If rfc3261 conformance is desired, TLSv1 must be used. For compatibility with older clients SSLv23 is a good option.
*Example 1.3. Set |tls_method| parameter*
... modparam("tls", "tls_method", "TLSv1") ... <
!!! *a warning **that the use of SSLv3 **susceptibility to POODLE Vulnerability* !!!
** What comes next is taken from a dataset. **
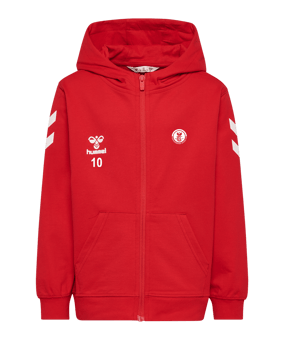 Hummel Go 2.0 Chevron Kapuzenjacke Kids Rot F3062
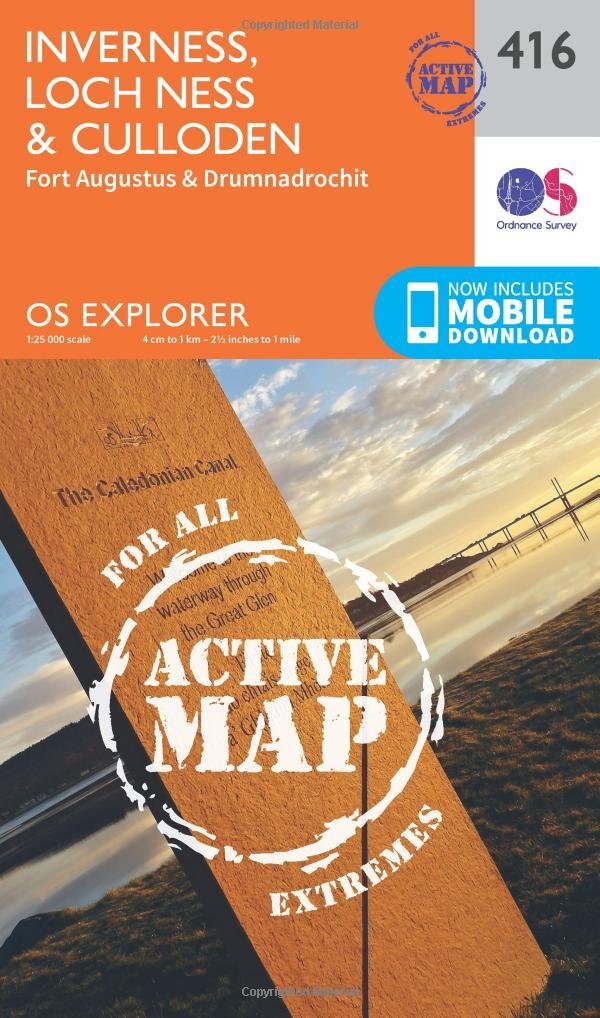9780319472712 Inverness, Loch Ness & Culloden Map | Weatherproof...s | Adventure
-- *Rainer Piper* Integration engineer Koeslinstr. 56 53123 BONN GERMANY Phone: +49 228 97167161 P2P: sip:rainer@sip.soho-piper.de:5072 (pjsip-test) XMPP: rainer@xmpp.soho-piper.de
SIP Express Router (SER) and Kamailio (OpenSER) - sr-users mailing list sr-users@lists.sip-router.org http://lists.sip-router.org/cgi-bin/mailman/listinfo/sr-users
more informations about SSLv3 POODLE attack
SSL 3 is dead, killed by the POODLE attack https://community.qualys.com/blogs/securitylabs/2014/10/15/ssl-3-is-dead-killed-by-the-poodle-attack
Gepostet von Ivan Ristic https://community.qualys.com/people/ivanr in Security Labs https://community.qualys.com/blogs/securitylabs am 15.10.2014 12:06:32
The POODLE Attack (CVE-2014-3566)
After more than a week of persistent rumours, yesterday (Oct 14) we finally learned about the new SSL 3 vulnerability everyone was afraid of. The so-called POODLE attack http://googleonlinesecurity.blogspot.com.au/2014/10/this-poodle-bites-exploiting-ssl-30.html is a problem in the CBC encryption scheme as implemented in the SSL 3 protocol. (Other protocols are not vulnerable because this area had been strengthened in TLS 1.0.) Conceptually, the vulnerability is very similar to the 2011 BEAST exploit. In order to successfully exploit POODLE the attacker must be able to inject malicious JavaScript into the victim's browser and also be able to observe and manipulate encrypted network traffic on the wire. As far as MITM attacks go, this one is complicated, but easier to execute than BEAST because it doesn't require any special browser plugins. If you care to learn the details, you can find them in the short paper https://www.openssl.org/%7Ebodo/ssl-poodle.pdf or in Adam Langley's blog post https://www.imperialviolet.org/2014/10/14/poodle.html.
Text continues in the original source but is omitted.